OCA_training_pathway

Add Format Values of the Data Fields

The format values entered for the format overlay are dependent on the attribute types defined in the Capture Base. Especially, we have:

Regex

A regular expression, or shortened as “regex”, is a powerful way to search and filter strings. You could build a search pattern using character literals, operators, or constructs to match specific types of characters in a string. The OCA uses the Rust regex Flavour, with the full documentation that could be found here.

Frequently Used Regex Syntaxes

Character Classes and Ranges

The character classes and ranges would appear inside square brackets ([...]). A character class would match a single character with the following pattern:

Composites and Repetitions

Anchors

You may have noticed that the regular expressions allow partial matching by default. E.g. abc actually matches any string that contains the pattern abc; it could be abc, abcde, or &0xyzabcdef-().

The following anchors would help.

Special Characters

Text matching examples

Target Strings Regex Pattern
codes contain any capital latter [A-Z]
codes with only capital letters ^[A-Z]*$
codes with only capital letters, or only with lowercase letters ^([A-Z]*\|[a-z]*)$
10 characters codes, with capital and lowercase letters only ^[A-Za-z]{10}$
5-10 characters codes, with capital and small letters only ^[A-Za-z]{5,10}$
messages, 250 characters max ^.{0,250}$
Canadian postal codes (A1A 1A1) ^[A-Z][0-9][A-Z]\s[0-9][A-Z][0-9]$

Numeric matching examples:

In OCA, we also use regex to deal with numeric attributes. However, regex does not understand numbers; it only matches them as characters. E.g. if we want an integer within the range $[10, 30]$, we actually use pattern ^([1-2][0-9])|(20)$ to match “character 1 or 2 followed by any digit; or characters 30”. It may be tricky to deal with complicated numeric conditions.

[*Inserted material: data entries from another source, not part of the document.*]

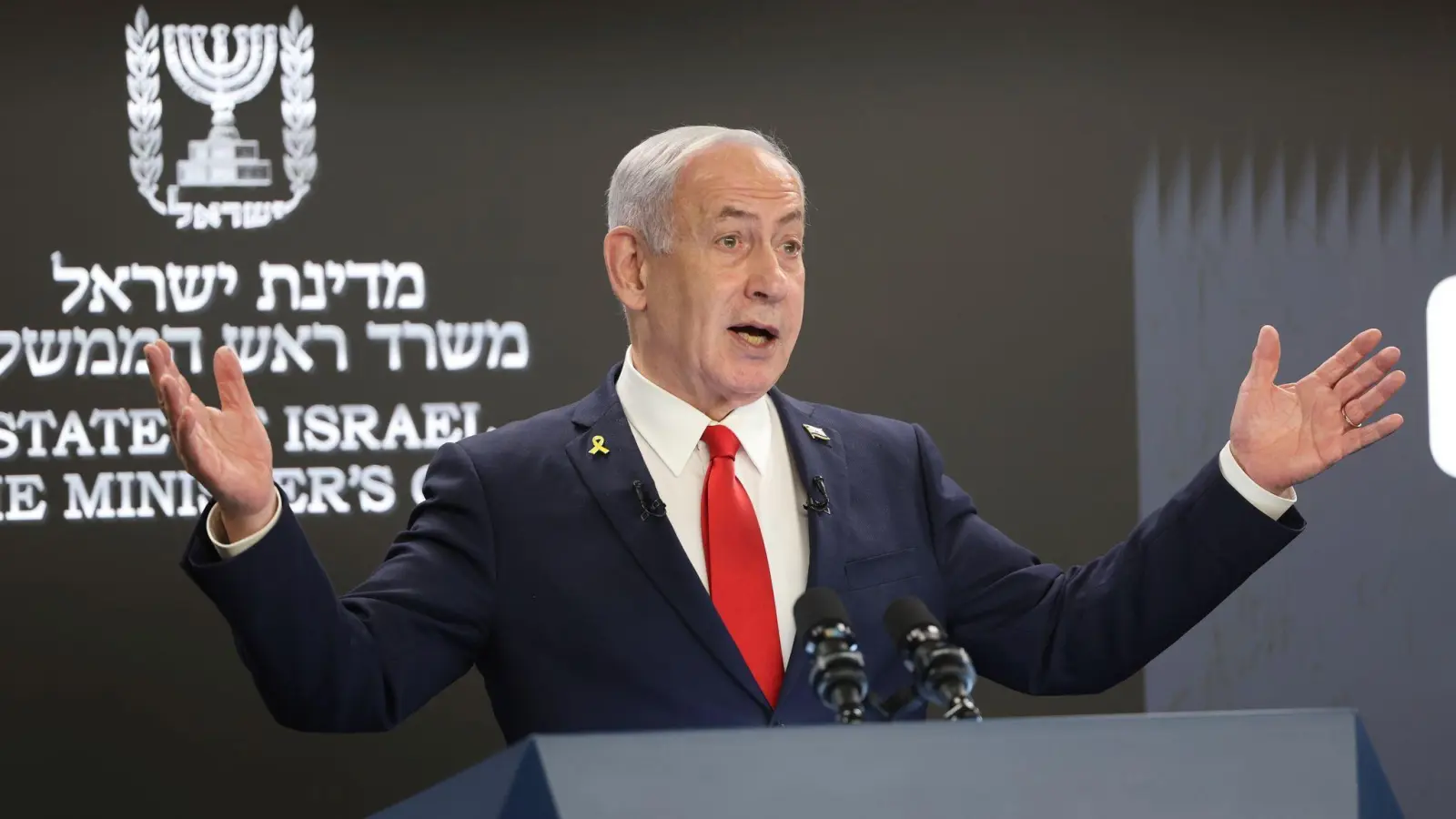 Regierungschef Netanjahu drängt vor Medienvertretern auf Tempo bei der geplanten Einnahme der Stadt Gaza.  (Foto: Abir Sultan/Pool EPA/AP/dpa)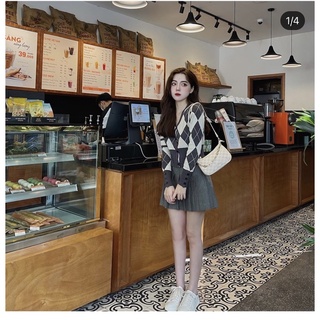 bộ áo len trám kèm chân váy ghi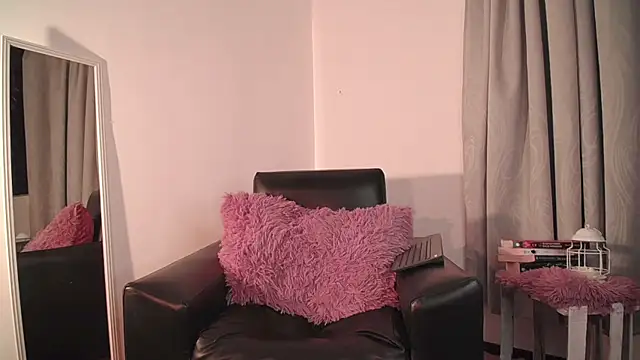 lyamthommpson online show from February 2025 03:39:02 AM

Target Strings Regex Pattern
any string starts with a digit 0-5 ^[0-5]
integer numbers between 1 and 50 ^([1-9]\|[1-4][0-9]\|50)$
integer numbers between -50 and 50 ^-?([0-9]\|[1-4][0-9]\|50)$
any integer or decimal number, may begin with + or - ^[-+]?\d*\.?\d+$
decimal numbers between 0 and 1, inclusive ^\+?((0?\.\d+)\|(1(\.0+)?))$
decimal numbers between -90 and 90, inclusive ^[-+]?(90(\.0+)?\|[1-8]?\d?(\.\d+)?)$
decimal numbers between -180 and 180, inclusive ^[-+]?(180(\.0+)?\|((1[0-7]\d)\|([1-9]?\d?))(\.\d+)?)$
latitude and longitude (combination of the two above, separated with a single comma and space), see visualization below ^[-+]?(90(\.0+)?\|[1-8]?\d?(\.\d+)?),\s*[-+]?(180(\.0+)?\|((1[0-7]\d)\|([1-9]?\d?))(\.\d+)?)$

a visualization of the last regex example

Testing Regex

A useful website for testing regular expressions is Regular Expressions 101. You could input any regex and type a series of test strings, then any matches found will be marked out.

regular expressions 101

If this is not done by default, please remember to check the regex flags g and m for easier testing.

regular expressions 101 flags

MIME Types

A MIME type, defined by ITEF RFC6838, indicates the format for mostly file types.

All MIME types follow a basic template of two parts, separated by a single slash (/):

type/subtype

You could find a complete list of MIME types here. The following are some frequently used MIME types.

Image Video Audio Application Text
image/png video/mp4 audio/mpeg application/pdf text/csv
image/jpeg video/raw audio/ogg   text/xml
image/tiff       text/markdown

ISO 8601 DateTime

ISO 8601 specifies an international format of date and time data. You could find a summary of the standard by Markus Kuhn here.

By ISO 8601, you could use the following representations:

The following are some ISO 8601 DateTime examples.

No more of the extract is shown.